Keeping her back against the tree, she stands up, looking around at the dark woodland. She sees shadows out of the corner of her eye; as though figures are hiding behind tree trunks, darting out of sight the second she turns to face them: taunting her. Twigs on the ground crack as though snapped by a heavy foot. Spooked, she starts running – longing to be back in the village, longing to be locked safely in the country house. Having walked so far, she doesn’t know how long it will take her to get back. Her phone had lost power hours ago, and she has no idea what time it is. It is as though she has just woken from sleepwalking, and has only just realised how far she has wandered.

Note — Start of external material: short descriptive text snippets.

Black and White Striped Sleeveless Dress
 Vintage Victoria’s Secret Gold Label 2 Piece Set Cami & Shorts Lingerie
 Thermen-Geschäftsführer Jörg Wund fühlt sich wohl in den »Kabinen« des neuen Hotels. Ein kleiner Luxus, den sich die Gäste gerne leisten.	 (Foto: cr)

Her feet crunch hard and fast in the snow that covers the uneven earth; sounds and shadows continue to taunt her while she weaves between the gaps in the trees. She doesn’t know which direction to go in – which way it is to the village – so she runs frantically, hoping to find a way out of the woodland that has turned on her. She slips on a frozen puddle and her view of the snowy woods is thrown up in the air with her. She tumbles violently down a snow-covered hill and is thrown here and there, picking up speed the further she falls. She smacks her head against a rock concealed by the snow; her phone flies out of her pocket as fast as a bullet. Louise sees nothing but darkness as she rolls to a stop, limp and
unconscious, under a large fallen tree, hidden from sight in the shadows.
Chapter Forty-one
That Night
Behind the wheel of the black car, Brooke is sobbing. The engine grumbles as she speeds away from her attacker.
She can still feel the boy’s touch, although he is miles away from her now. She can still feel the cold paint on the door against her cheek, and his hand on the side of her face. It’s as if his erection is still pressed against her back and his warm, beer-stained breath is still panting against her neck.
The tyres glide across the icy road, occasionally skidding to the right and to the left, but she is too distraught to care. She just needs to get home. She just needs to be safe.
Her bare feet control the pedals, while her heels lie abandoned on the floor. Her bag rolled off the passenger seat and emptied its contents on the floor of the car a while back.
Brooke wipes tears from her face and reaches down to find her cigarette packet and lighter. She finds a stray cigarette that has fallen out of the packet and places it in her mouth as she searches for the lighter. The car swerves to the left as she reaches down. She straightens the car and searches again. She finds it
and lights her cigarette, her eyes off the road. She lowers the window beside her and blows the smoke out of the gap. Her head is swimming from all the alcohol she has consumed, while traumatic thoughts whirl around her mind.